Currently, WebCD* Publisher does not incorporate push technology for updating assets to the user locally. Push technology support is an area for future enhancement.

The WebCD* Publisher viewer offers two modes of operation: Fresher and Faster. This allows the user to access content off-line or online. Web site content can be viewed entirely off-line. Improved performance from off-line browsing is one of the biggest advantages to using channels.

The WebCD* Publisher hybrid engine includes an ISAPI interface with which the developer can write extensions. URL references can be intercepted and processed by the application. One use is to track and store user selections in database user preferences. These preferences could be reported back to the server to provide content or information for advertising based on the user’s interests. Local content and information could be retrieved to better target the user.

In the case of the game channel, game or advertising information could be based on the user preference for action games, for instance. With the large number of games available on the market, it is important that the user be able to be presented with information that targets his or her interests.

As an example of the ISAPI interface, the WebCD* Publisher viewer comes with a search engine that was implemented as an ISAPI extension. The search engine allows the user to quickly locate documents stored on the CD-ROM. Being able to search content is especially important with channels that contain a lot of information.

The WebCD* Publisher includes a bookmark feature that allows the developer to generate key links to the CD-ROM or link to the Web. The Game channel contains bookmarks to each major game as well as other important links to information sites. Links to information on WebCD* Publisher are in bookmarks.

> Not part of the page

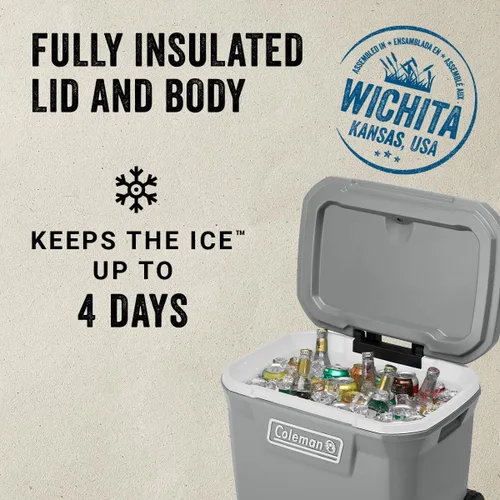 Vista 3 de Coleman Classic Series - Enfriador portátil aislado con ruedas, resistente a fugas, para exteriores, mantiene el hielo hasta 5 días Tapa dividida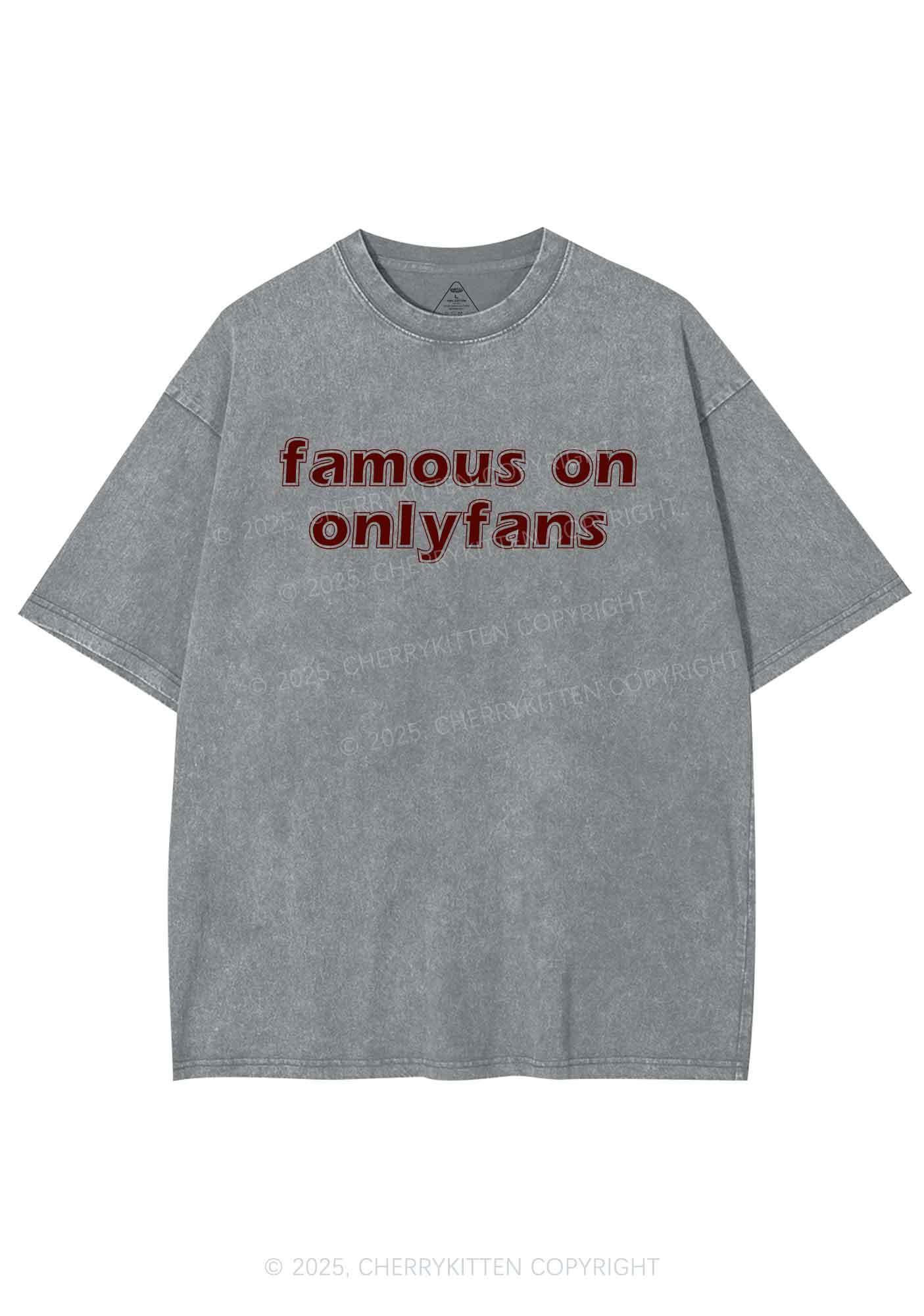 Famous On Onlyfans Y2K Shirts Washed Tee Cherrykitten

Bookmarks are easy to add to your Web CD-ROM. You just mark the URLs as bookmarks as you browse a Web site.

The BackWeb* solution consists of a BackWeb server running on a Windows NT* Server and the BackWeb* client software that manages the delivery of BackWeb InfoPaks and subscribes to BackWeb channels*. This is a very flexible push solution for updating software residing on the client.

The BackWeb* server provides for the management and delivery of updates using the BackWeb* server console. The BackWeb server console manages the delivery of InfoPaks from the server to the client. InfoPaks consist of screen savers, animated graphics, Java* applets, Shockwave* animations and audio messages. The BackWeb server console allows the system administrator to create channels and then define InfoPaks for delivery. The console also sets properties such as version number, time of delivery, number of times to send an InfoPak, and so on. The BackWeb* server schedules and manages InfoPaks for delivery to the end-user client.

InfoPaks can also be targeted based on user preferences. The BackWeb* server can deliver InfoPaks based on criteria set up at user registration or stored in a database. This allows for custom delivery of information depending on the user’s interests. The BackWeb* server will deliver content based on channel criteria.

InfoPaks come in four forms: wallpapers, infoflashes, audio and screen savers. An InfoPak can contain any number of files, including executables. The size of the InfoPak can be quite large, although the BackWeb client allows the cache size to be limited by the user. InfoPaks are delivered when the client subscribes to the channel.

InfoPaks can be created using the Bali editor, which provides a basic scripting language for handling the notification and delivery of InfoPaks. The editor can design scripts that run Java applets* or call up Web sites on the Internet.

The following sample script runs a simple text animation announcing a special deal on software; when clicked it accesses the Web site for online ordering. This notification is a simple example of advertising in which the BackWeb InfoFlash* mechanism announces a special on a product.

Start {

set frameFile=default

set reference=midBottom

prepareText text=" HOT DEAL – Starship Madness AT 29.95"

sequence=0

font="Courier New" size=20 bold

fgColor=green transparent

accessWeb URL="http://134.134.148.117/softsuper/store.htm

onClick {

accessWeb URL="http://134.134.148.117/softsuper/store.htm

# TODO: Add more rectangles

}

animate from (-300,1000) to (500,1000) in 3 seconds

pause for 10 seconds

animate to (1300, 1000) in 3 seconds

}

Open {

}

Users can subscribe to BackWeb channels using the BackWeb client*. They can set up the size of the cache for downloading InfoPaks and define which types of InfoPaks to load as well as in what order. InfoPaks can also be launched automatically or selectively by the user. InfoPaks delivered to the client can be automatically deleted when set to expire by the server. InfoPaks can be delivered to the user without affecting Internet browsing.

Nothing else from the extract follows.